-------- Data provided --------
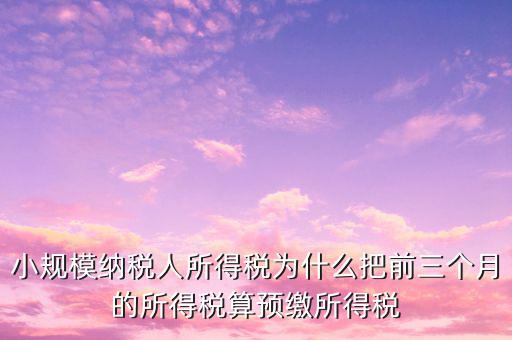 為什么會有預(yù)繳所得稅，我企業(yè)是今年1月被稅局核定按收入繳納企業(yè)所得稅 為什么第一季度報(bào)
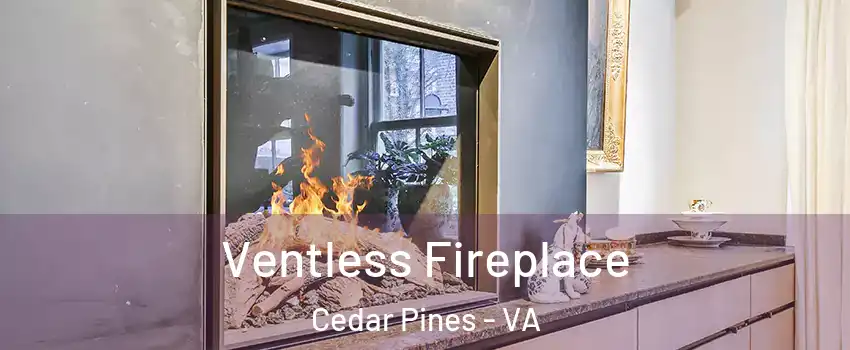 Ventless Fireplace Cedar Pines - VA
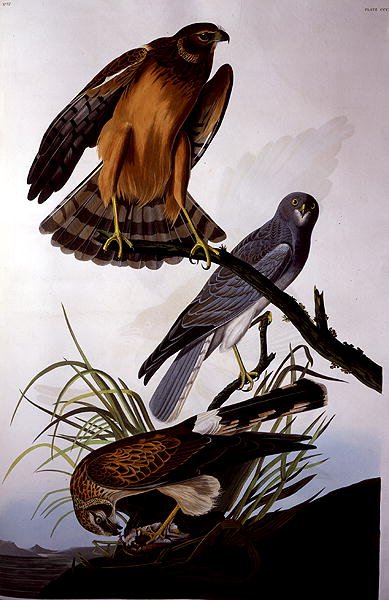 Northern Harrier (Marsh Hawk), a "Birds of America"-ból, vésette Robert Havell (1793-1878) (színes metszet) alkotó: John James (after) Audubon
--------
What is needed> Leaving the pictures out, output the material exactly as it appears.

Answer to this task>
 為什么會有預(yù)繳所得稅，我企業(yè)是今年1月被稅局核定按收入繳納企業(yè)所得稅 為什么第一季度報(bào)
 Ventless Fireplace Cedar Pines - VA
 Northern Harrier (Marsh Hawk), a "Birds of America"-ból, vésette Robert Havell (1793-1878) (színes metszet) alkotó: John James (after) Audubon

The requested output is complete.